[Collected data entries]
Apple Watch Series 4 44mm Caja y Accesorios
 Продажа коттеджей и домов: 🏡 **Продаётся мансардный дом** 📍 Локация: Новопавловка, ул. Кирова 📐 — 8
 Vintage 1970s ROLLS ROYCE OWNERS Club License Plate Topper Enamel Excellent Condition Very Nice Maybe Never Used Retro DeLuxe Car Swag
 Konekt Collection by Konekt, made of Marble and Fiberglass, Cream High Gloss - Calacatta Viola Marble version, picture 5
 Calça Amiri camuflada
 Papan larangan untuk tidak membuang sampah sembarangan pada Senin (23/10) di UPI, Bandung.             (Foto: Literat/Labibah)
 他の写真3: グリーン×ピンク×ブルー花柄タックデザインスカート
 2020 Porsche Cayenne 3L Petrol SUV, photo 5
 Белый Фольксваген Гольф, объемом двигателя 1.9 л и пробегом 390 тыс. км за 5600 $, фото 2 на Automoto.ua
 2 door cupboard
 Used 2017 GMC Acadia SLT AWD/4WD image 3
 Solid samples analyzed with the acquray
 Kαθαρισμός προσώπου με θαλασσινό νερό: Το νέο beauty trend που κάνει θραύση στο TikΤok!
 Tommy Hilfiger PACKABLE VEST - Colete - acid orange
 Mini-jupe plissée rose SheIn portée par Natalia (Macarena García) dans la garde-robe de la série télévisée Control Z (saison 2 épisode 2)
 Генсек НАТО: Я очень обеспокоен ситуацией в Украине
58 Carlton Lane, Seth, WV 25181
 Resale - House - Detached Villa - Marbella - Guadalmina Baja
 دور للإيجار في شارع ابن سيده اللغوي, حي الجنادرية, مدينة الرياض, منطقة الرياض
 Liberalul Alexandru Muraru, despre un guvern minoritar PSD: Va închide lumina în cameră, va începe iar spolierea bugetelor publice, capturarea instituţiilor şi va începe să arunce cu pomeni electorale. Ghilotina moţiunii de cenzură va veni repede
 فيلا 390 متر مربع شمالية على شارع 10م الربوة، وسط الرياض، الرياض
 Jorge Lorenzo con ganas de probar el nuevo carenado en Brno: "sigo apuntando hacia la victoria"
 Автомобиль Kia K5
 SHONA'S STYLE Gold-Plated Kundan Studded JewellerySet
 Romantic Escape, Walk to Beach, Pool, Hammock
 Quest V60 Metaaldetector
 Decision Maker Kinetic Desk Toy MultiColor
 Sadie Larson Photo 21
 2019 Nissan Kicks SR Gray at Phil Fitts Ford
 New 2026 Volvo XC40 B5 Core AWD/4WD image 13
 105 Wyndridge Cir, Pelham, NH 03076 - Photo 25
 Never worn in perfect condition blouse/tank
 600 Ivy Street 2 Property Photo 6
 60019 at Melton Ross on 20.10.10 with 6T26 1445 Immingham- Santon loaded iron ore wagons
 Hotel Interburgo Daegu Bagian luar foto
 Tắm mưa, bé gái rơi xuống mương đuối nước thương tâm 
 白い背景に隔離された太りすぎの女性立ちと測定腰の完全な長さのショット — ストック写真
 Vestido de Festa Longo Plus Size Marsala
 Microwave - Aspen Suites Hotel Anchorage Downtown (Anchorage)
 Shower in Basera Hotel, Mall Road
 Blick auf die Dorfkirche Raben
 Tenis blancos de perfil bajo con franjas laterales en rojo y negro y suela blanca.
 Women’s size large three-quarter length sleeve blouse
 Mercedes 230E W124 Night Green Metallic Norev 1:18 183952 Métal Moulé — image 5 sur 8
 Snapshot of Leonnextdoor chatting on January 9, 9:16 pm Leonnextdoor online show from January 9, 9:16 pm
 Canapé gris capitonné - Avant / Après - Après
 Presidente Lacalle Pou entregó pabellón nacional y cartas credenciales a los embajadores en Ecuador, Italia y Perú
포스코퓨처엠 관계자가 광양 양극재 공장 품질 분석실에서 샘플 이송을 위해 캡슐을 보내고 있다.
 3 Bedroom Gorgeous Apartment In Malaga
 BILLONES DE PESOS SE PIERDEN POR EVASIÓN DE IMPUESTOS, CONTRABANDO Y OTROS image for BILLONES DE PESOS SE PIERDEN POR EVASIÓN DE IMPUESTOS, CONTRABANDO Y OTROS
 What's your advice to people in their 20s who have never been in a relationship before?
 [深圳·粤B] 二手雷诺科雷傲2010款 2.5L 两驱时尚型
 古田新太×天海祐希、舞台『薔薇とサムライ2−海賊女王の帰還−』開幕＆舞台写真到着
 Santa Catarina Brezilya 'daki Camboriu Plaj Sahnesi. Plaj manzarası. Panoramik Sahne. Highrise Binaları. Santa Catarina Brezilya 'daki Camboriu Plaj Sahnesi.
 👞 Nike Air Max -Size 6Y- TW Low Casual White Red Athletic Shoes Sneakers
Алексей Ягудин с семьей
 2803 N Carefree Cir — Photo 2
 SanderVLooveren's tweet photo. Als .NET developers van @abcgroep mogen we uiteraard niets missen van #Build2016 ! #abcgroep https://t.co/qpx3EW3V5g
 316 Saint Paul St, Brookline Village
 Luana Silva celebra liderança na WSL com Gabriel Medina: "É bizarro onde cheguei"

> **The task**
Where a line of the records above holds the word "الرياض", count it; give the total as a single number and nothing else.

> **Solution**
2